Of the over 100 exhibitors in the Great Pavilion, most are florists or nurseries, many of whom are making a fortune from hybridising plants initially collected during the colonial era. A few exhibitors come directly from countries once belonging to the British Empire, such as the Barbados Horticultural Society, Grenada, and SANBI and Kirstenbosch. Their aim won’t be to sell plants but to promote tourism to floral destinations. 

The theme for this year’s SANBI-Kirstenbosch display is “Harold Porter National Botanical Garden – A Gateway to the Kogelberg Biosphere Reserve” and Dr. Tanya Abrahamse, the CEO of SANBI, concludes her foreword in the institution’s Chelsea 2016 Brochure by telling prospective tourists that “wherever you are holidaying in South Africa there is a National Botanical Garden close by waiting to embrace you with its beauty and ‘window’ onto our country’s fascinating biodiversity.”

The exhibit consists of a diorama-like display of plants displayed in front of a backdrop of photographs of mountains, waterfalls and the sea in the Kogelberg Biosphere Reserve. The SANBI-Kirstenbosch display portrays South Africa as a travel destination for unspoilt nature and indigenous plants – which, ironically, the average Chelsea Flower Show visitor likely perceives as exotic curiosities. Thus, the display resembles the mainstream tourism advertisement of African destinations for European visitors, which deploys a colonial tourist gaze and produces images of empty nature and exoticism rather than of actual lived realities and histories.

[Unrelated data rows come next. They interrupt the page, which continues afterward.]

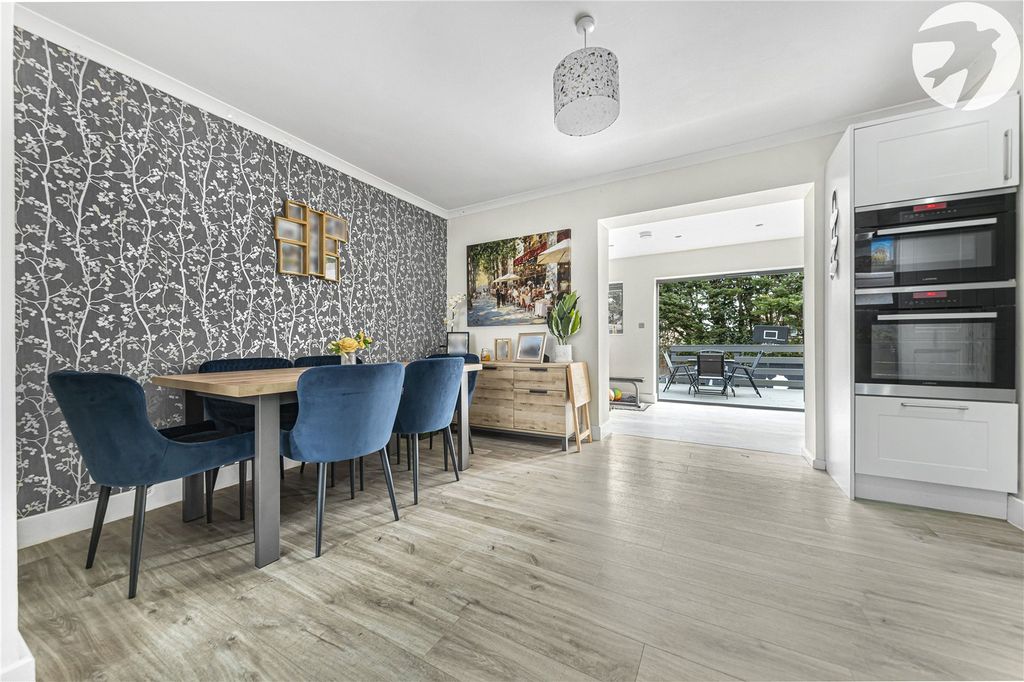 Property photo 3 of 25 Dining Area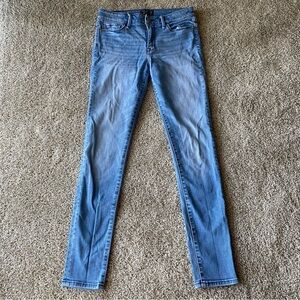 Abercrombie & Fitch Low Rise Super Skinny Light Wash Jeans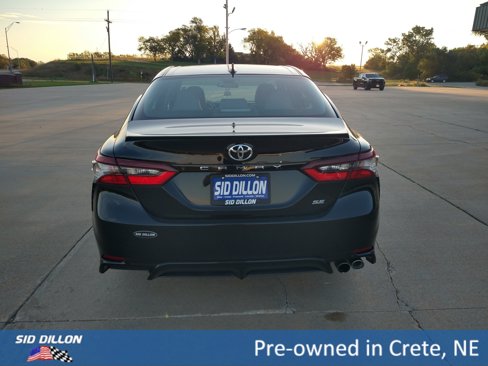 Used 2023 Toyota Camry SE image 14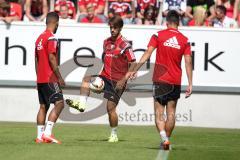 1. Bundesliga - Fußball - FC Ingolstadt 04 - Saisoneröffnung - Auftakttraining - links Elias Kachunga (25, FCI) Romain Brégerie (18, FCI) Benjamin Hübner (5, FCI)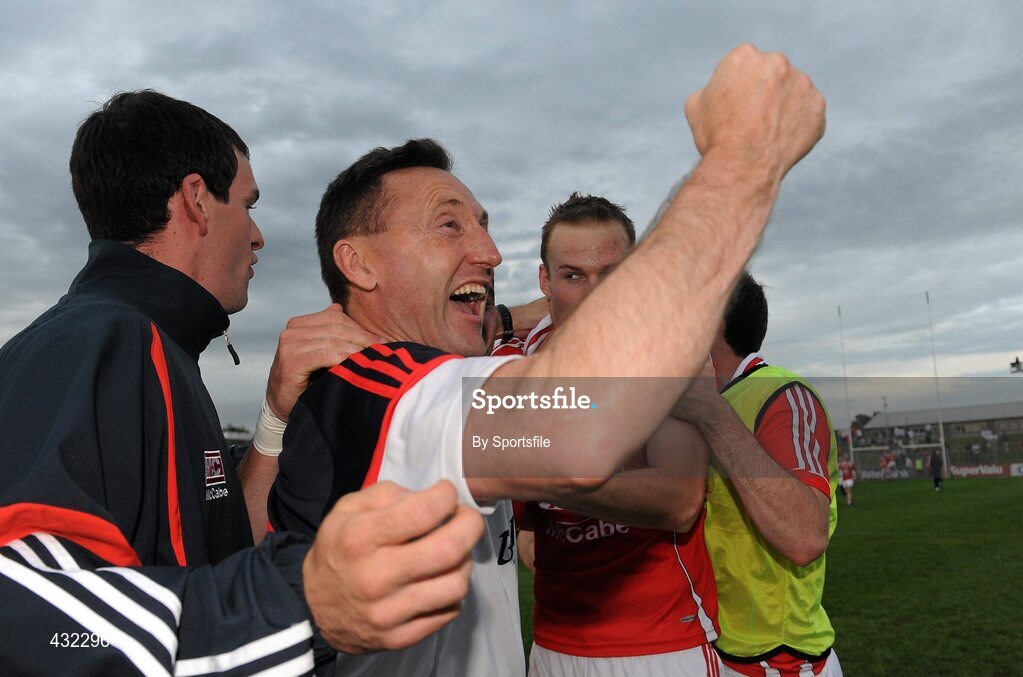 5 June 2010; Louth manager Peter Fitzpatrick celebrates at the end of the game. Leinster GAA Football Senior Championship Quarter-Final, Louth v Kildare, Pairc Tailteann, Navan, Co. Meath. Photo by Sportsfile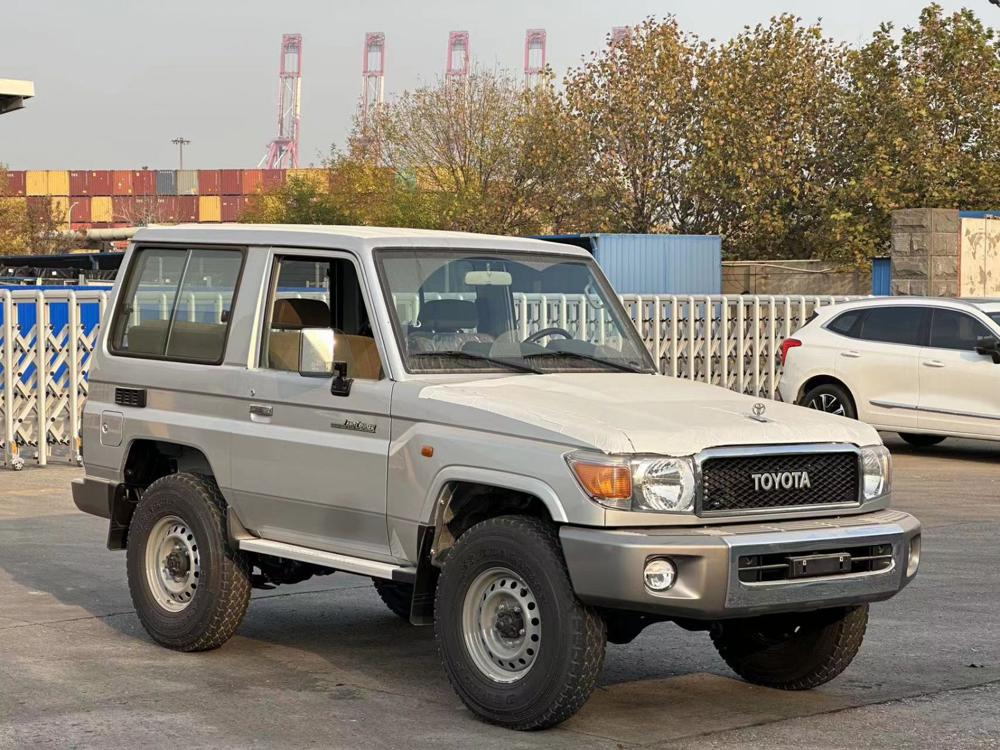 2023款中东版丰田LC71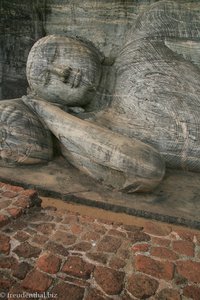 Liegender Buddha bei Gal Vihara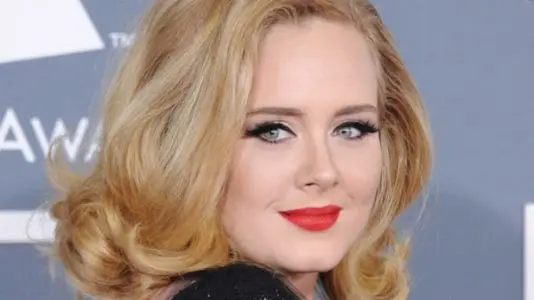 La "nuova" Adele: "Non fumo più e sono vegetariana, ho perso 30 chili". A novembre il nuovo album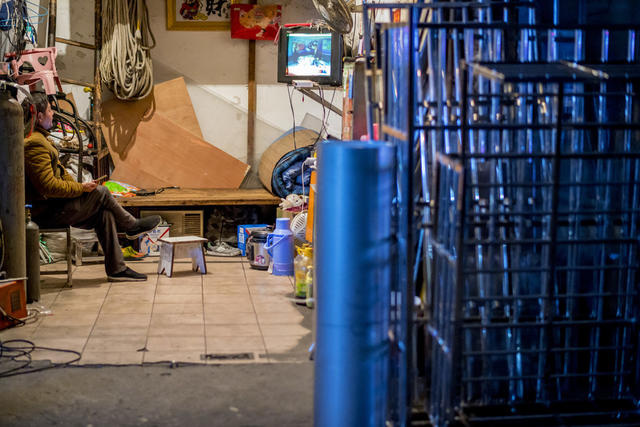 衣物  街景 自行车 箱包 理发店 鞋店 杂货店 餐厅 人力车 美女 电动车 理发椅 布裙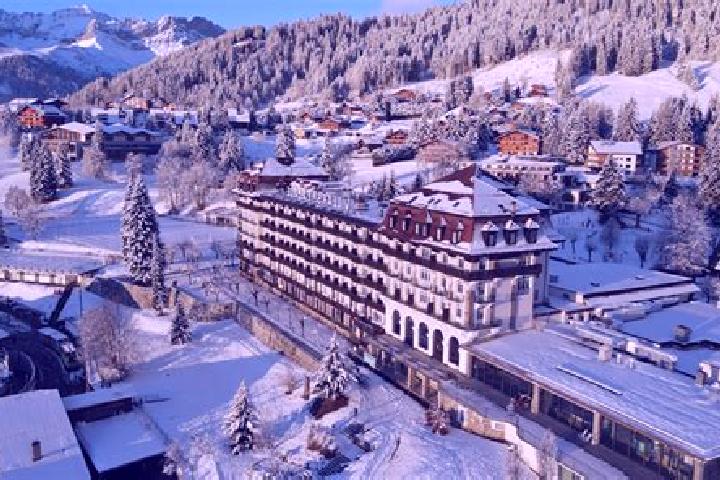 Escorts Ollon, Switzerland — Local Companions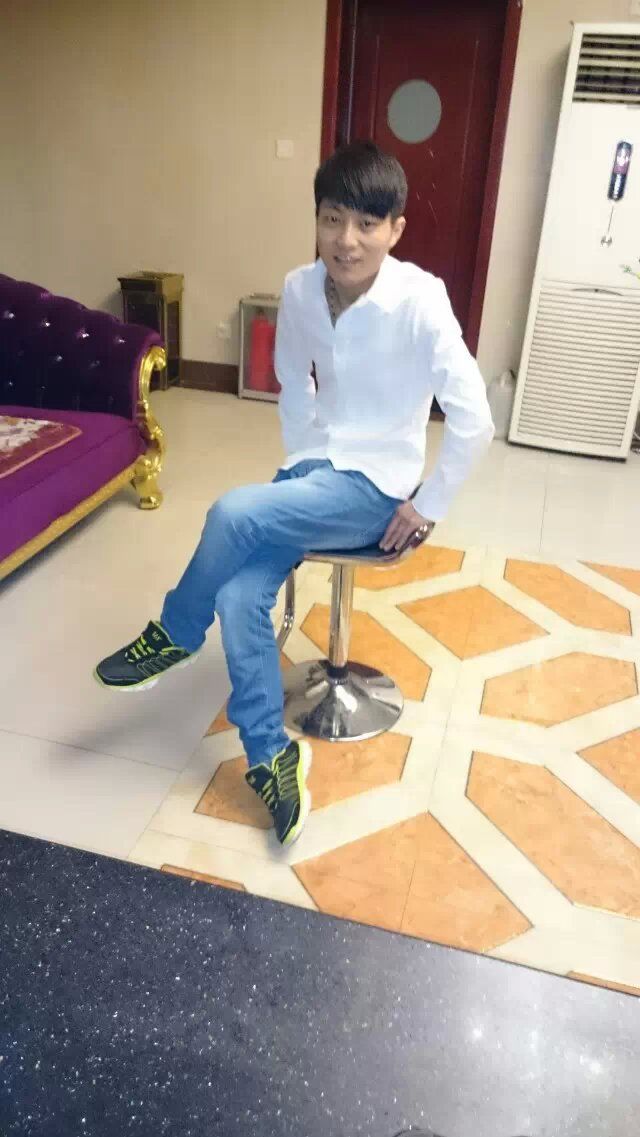 施主西天怎么走。。。的主播照片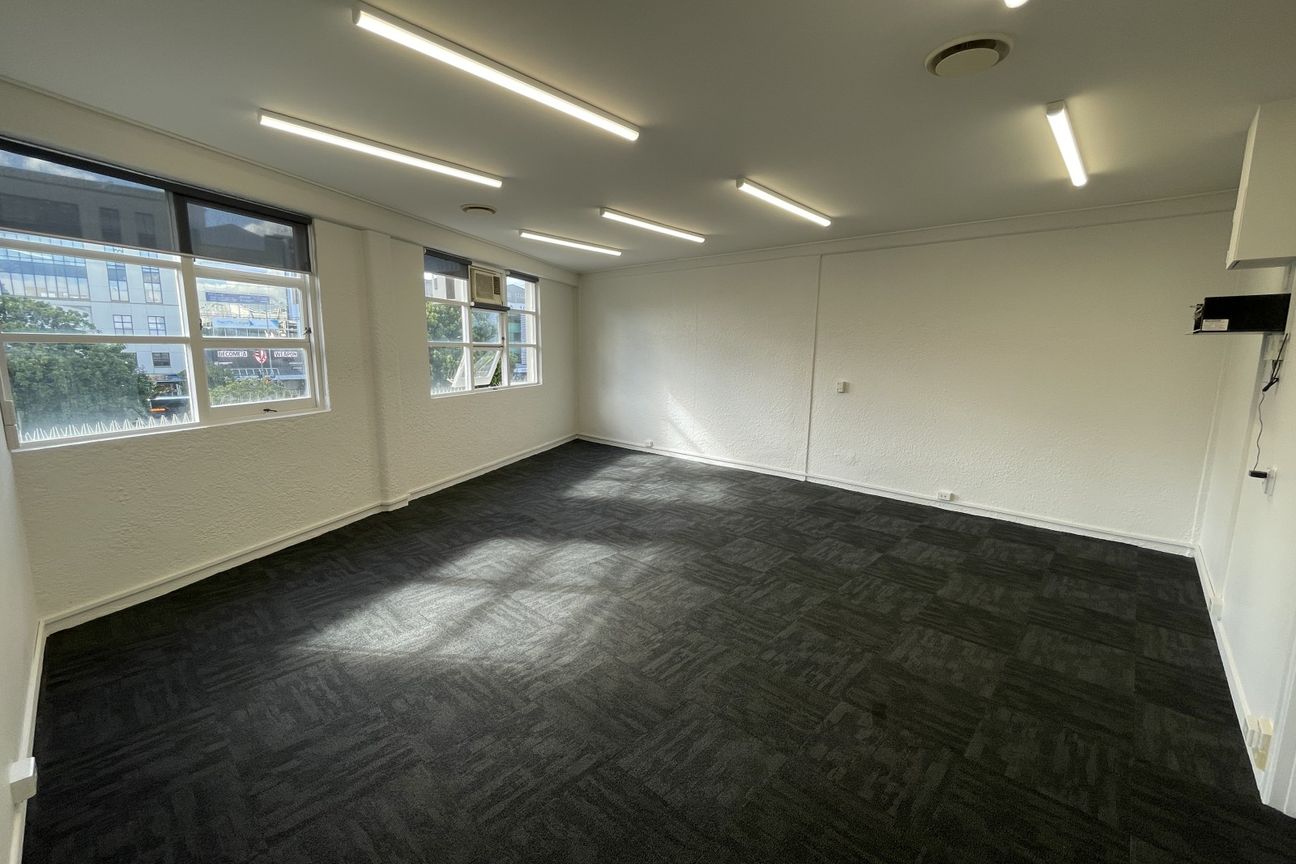 Character Office - Daytone House - Więcej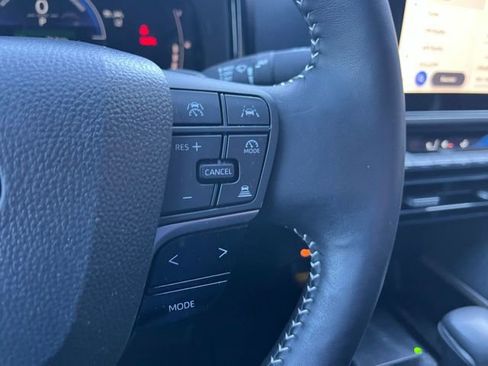 Used 2025 Toyota Camry SE w/ Convenience Package image 17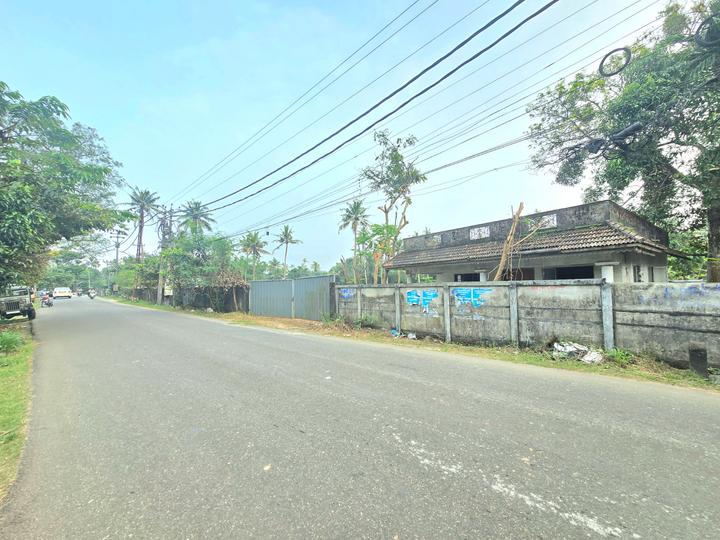 North Parvur Main Image 1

However, this relatively benign tourism advertisement has not always been the aim of the South African exhibits at the Chelsea Flower Show. When South Africa participated for the first time with a display of its own in 1976, its exhibition was an exercise of apartheid state image improvement. Following the Sharpeville massacre on 21 March 1960 and the subsequent banning of the African National Congress and the Pan-Africanist Congress, international criticism of apartheid and the efforts of the boycott movement, which targeted South Africa’s trade and participation in academic, art and sport exchanges, increased. It is well known that the apartheid state set up media companies and front organisations for propaganda, but it is less known that botanists, plants and Kirstenbosch were also deployed in these campaigns. Due to their strong cultural association with beauty, plants and gardens were particularly suited for this purpose.

In 1958, Piet Meiring, the director of the South African Information Service, suggested that the Kirstenbosch NBG dispatch cut flowers for display at the International Flower Show in New York. The display promptly won a gold medal and the first prize, which was handed over during a ceremony at Kirstenbosch. The Cape Times (2 August 1958) recommended that as sport was “providing a prolific source of quarrels it might indeed be well if people with an urge to peacemaking brushed up their horticulture and botany.” The success in New York sparked an intensification of the demand for cut flowers from the Kirstenbosch NBG for numerous flower shows on all continents. Little did it matter that medals at flower shows are not only given to the best but instead are simply judgements of the quality of plants, design and endeavour – there is no limit to how many gold, silver gilt, silver and bronze medals are given away at a show. The media reported about the gold medals as if they were won at sport tournaments.

The Secretary of Information, Eschel Rhoodie (who later fell from grace for his role in the Information Scandal), was involved in initiating South Africa’s display at the Chelsea Flower Show. In October 1975, the British flower arranger Pam Simcock had visited Cape Town and met staff members of the Department of Foreign Affairs, including Rhoodie. During this meeting, the suggestion was made that South Africa should officially participate in the Chelsea Flower Show. Pam Simcock was commissioned to design the exhibits and the Kirstenbosch NBG was requested to provide plant material and send staff members as representatives at the exhibition. The Ministry of Foreign Affairs provided the funding and the South African embassy in London organised the exhibitions. The South African Chelsea exhibits were regularly awarded gold medals and other trophies. Flower shows allowed the apartheid state to maintain international relationships through what I suggest can be termed “botanical diplomacy”, which also served to reassure white South Africans that they were not completely shunned by the international community.

For long, it was believed that flowers, being strongly associated with beauty, would not be targeted by the anti-apartheid movement. For example, the Cape Argus (28 May 1962) reported that the organisers of the 1963 Kirstenbosch Golden Jubilee celebrations, which the apartheid state also used for image improvement, believed that “they can boycott anything they want to abroad, but they cannot make the women of the world boycott South African flowers.” However, protests against South Africa’s participation in the Chelsea Flower Show did occur in 1986, when several exhibitors refused to participate because of apartheid. In 1987, the organisers asked the Department of Foreign Affairs not to attend.

However, unlike the embassy, the Kirstenbosch NBG was still welcomed as a participant. The Department of Foreign Affairs continued to fund and organise these displays until 1994. The Kirstenbosch NBG thus functioned in similar fashion as other front organisations. After 1994, the Kirstenbosch NBG continued to participate in the Chelsea Flower Show, although now under different circumstances. Private sponsors replaced government funding and the themes of the displays now focused on issues such as democracy and nation building, biodiversity, climate change and ecotourism. 

I am not at all against admiring and celebrating flowers, and I think this year’s SANBI-Kirstenbosch display is beautiful and indeed a very worthy representative of the country. But I also think that it is important that in the celebration of the floral spectacle, a moment is included to remember its history. We can’t possibly measure the effects of the apartheid state’s botanical diplomacy. However, remembering it makes us aware that neither the Chelsea Flower Show nor Kirstenbosch emerged in a vacuum, but were shaped by politics, and they themselves each shaped politics. When we gaze at the self-representations of royals, politicians and companies who will this year once more be filmed and photographed looking at flowers, we will be reassured that the power of flowers has not yet lost its magic. DM

Melanie Boehi has an MA in history from University of the Western Cape and is currently a PhD student at University of Basel. Her research is concerned with political histories of plants, botany and horticulture in South Africa.